- [Task instructions]
Copy out every line of the data exactly; do not include the images.

----- Dataset extract -----

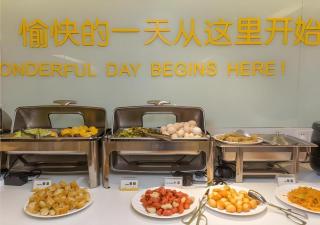 City Comfort Inn Dongguan Nancheng Tian'an Digital City - 0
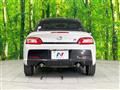 2023 Daihatsu Copen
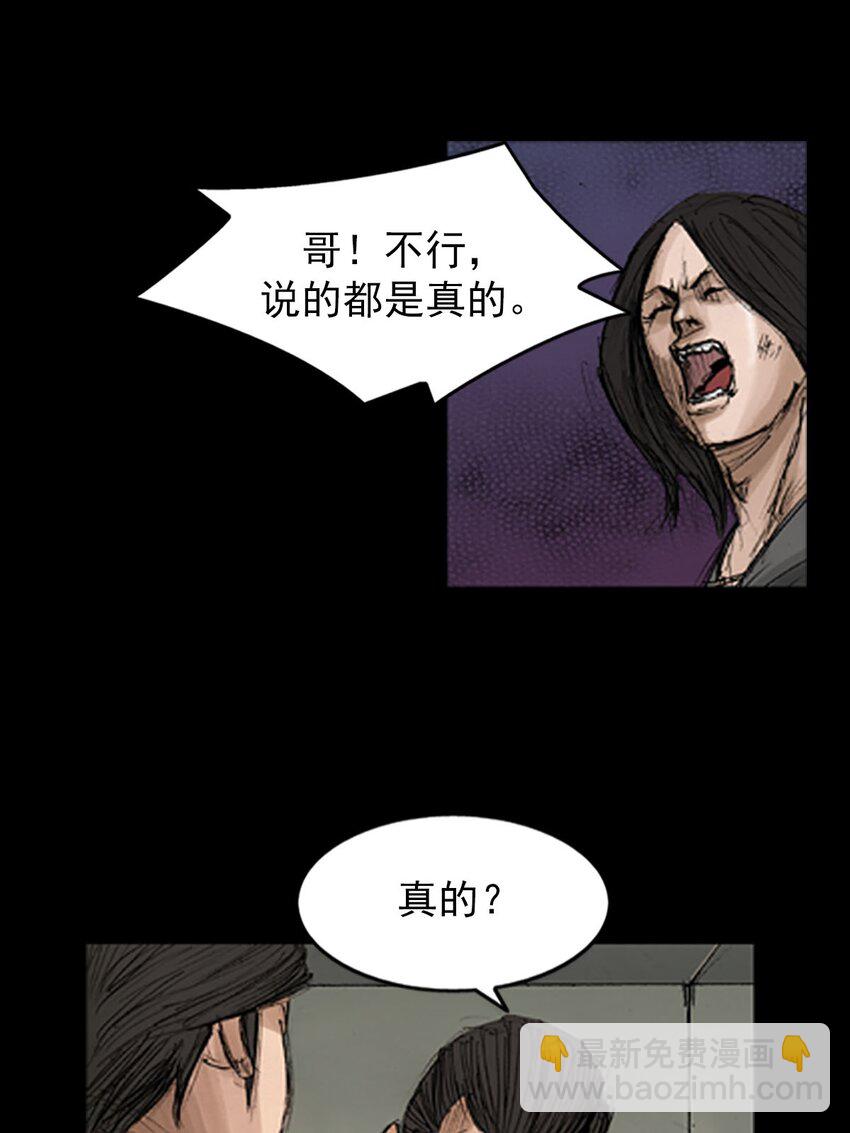 第128话 下33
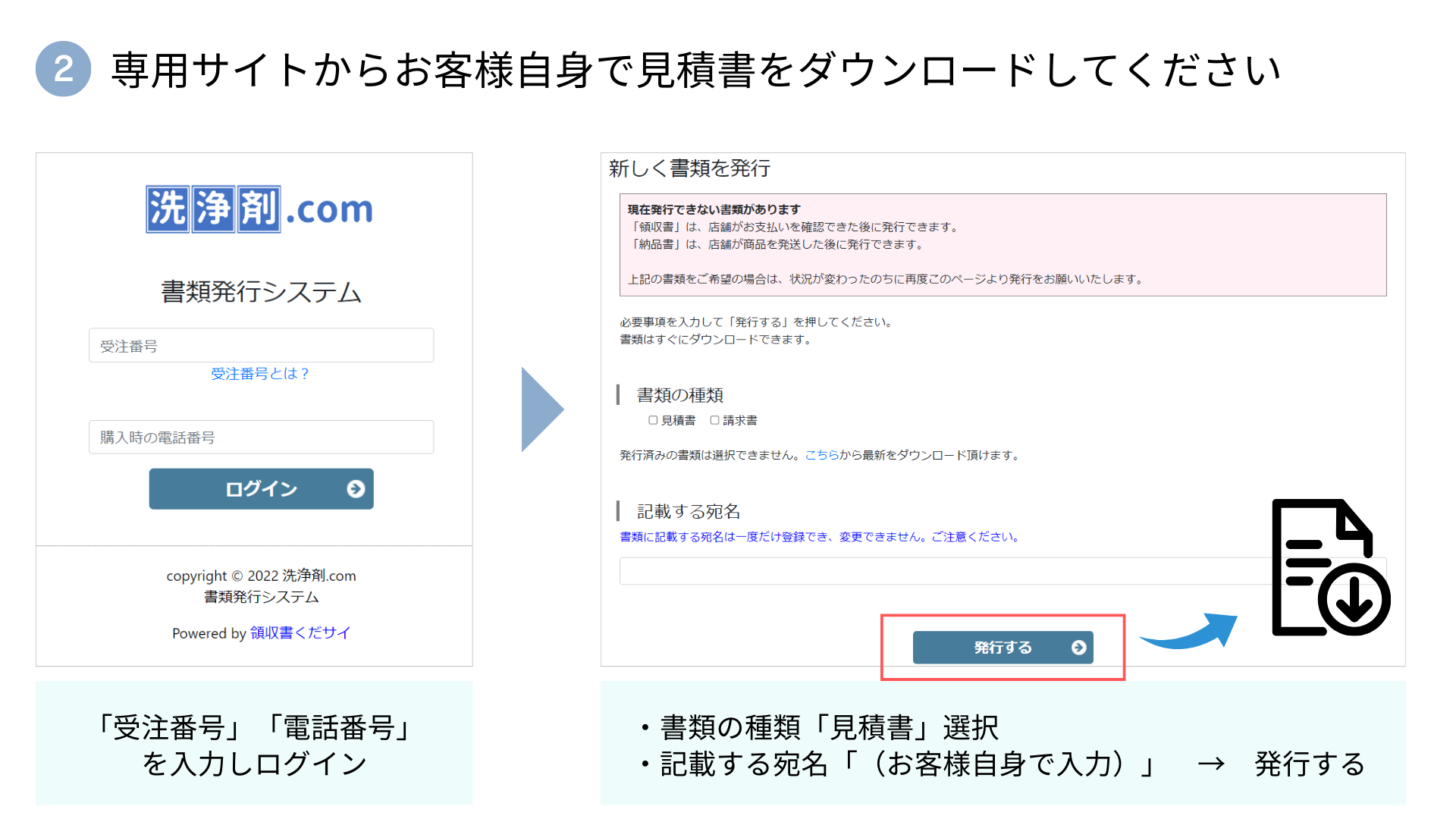 見積書/請求書発行方法について - 洗浄剤.com 見積書/請求書発行方法について - 洗浄剤.com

-----

- [Reply to the exercise]
 City Comfort Inn Dongguan Nancheng Tian'an Digital City - 0
 2023 Daihatsu Copen
 第128话 下33
 見積書/請求書発行方法について - 洗浄剤.com 見積書/請求書発行方法について - 洗浄剤.com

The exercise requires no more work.